Source material -
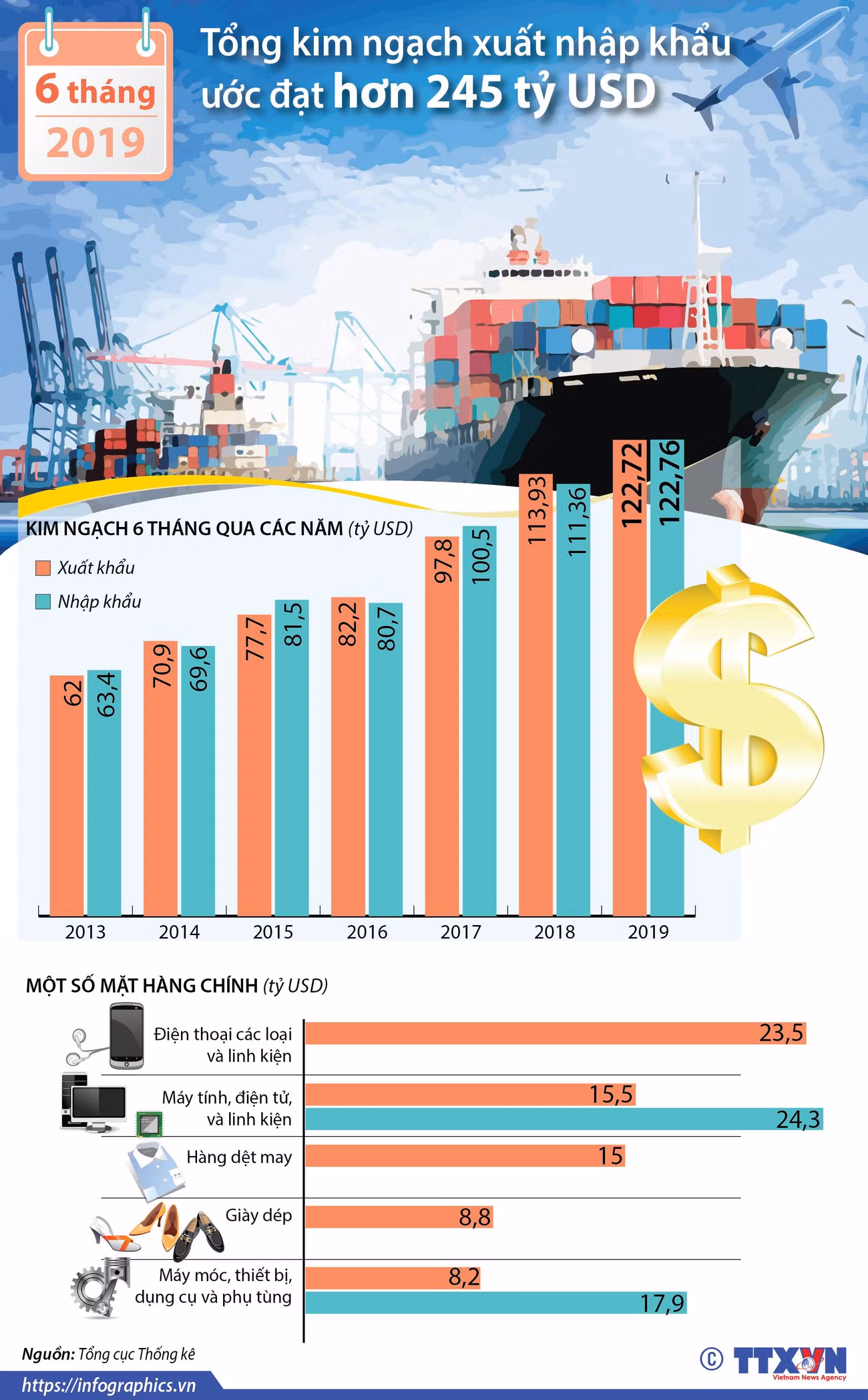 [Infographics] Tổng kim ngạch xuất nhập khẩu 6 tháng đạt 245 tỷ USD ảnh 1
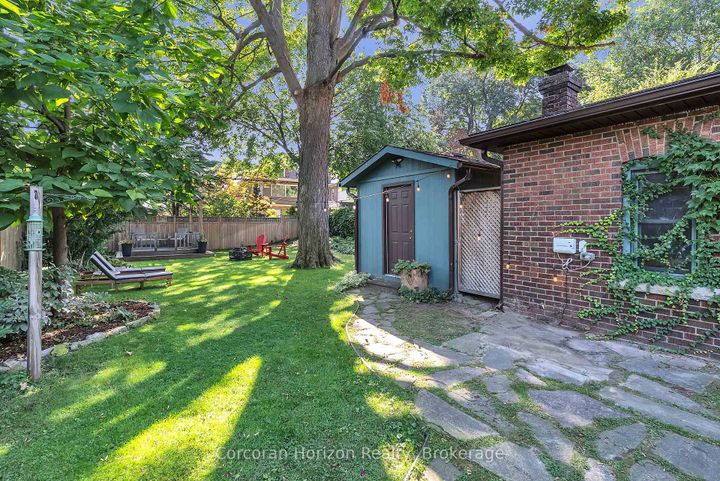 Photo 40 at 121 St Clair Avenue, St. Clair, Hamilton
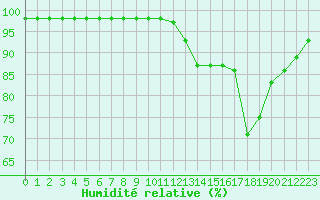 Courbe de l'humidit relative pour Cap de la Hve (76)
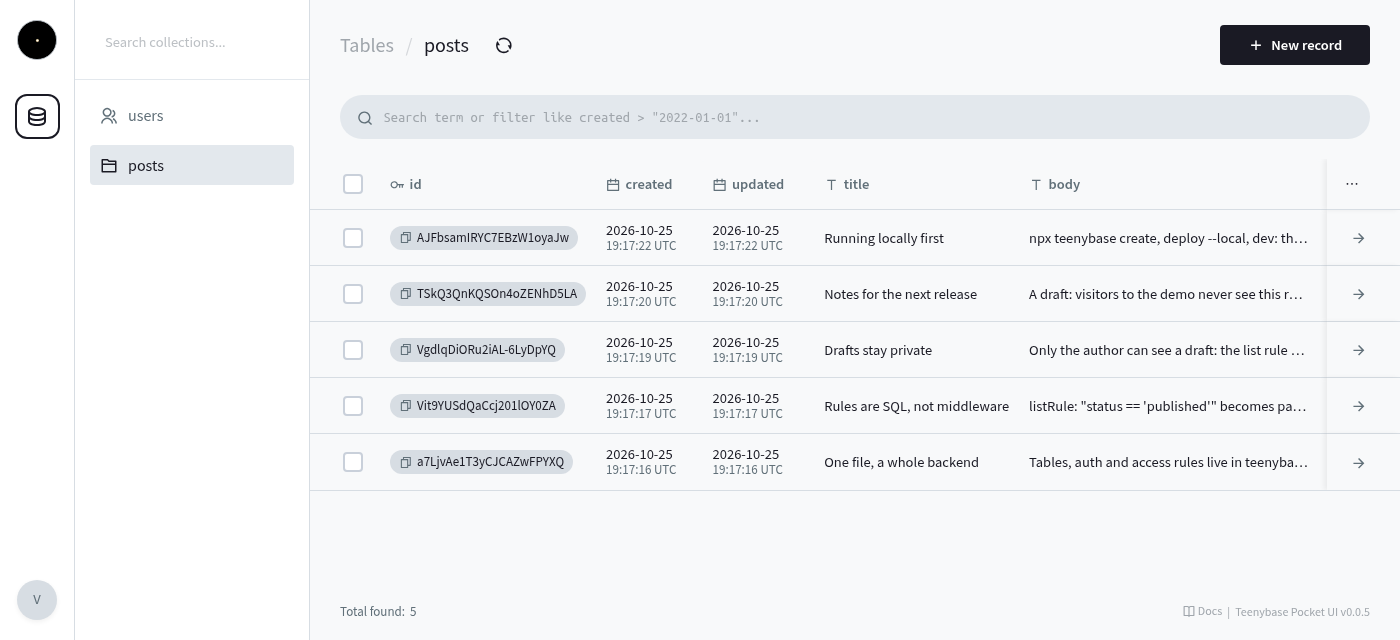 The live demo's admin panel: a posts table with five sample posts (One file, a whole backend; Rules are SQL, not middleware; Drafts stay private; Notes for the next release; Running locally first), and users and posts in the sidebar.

What needs to be done - Copy the data word for word. Pictures do not go in the copy.

Solution to the exercise -
 [Infographics] Tổng kim ngạch xuất nhập khẩu 6 tháng đạt 245 tỷ USD ảnh 1
 Photo 40 at 121 St Clair Avenue, St. Clair, Hamilton
 Courbe de l'humidit relative pour Cap de la Hve (76)
 The live demo's admin panel: a posts table with five sample posts (One file, a whole backend; Rules are SQL, not middleware; Drafts stay private; Notes for the next release; Running locally first), and users and posts in the sidebar.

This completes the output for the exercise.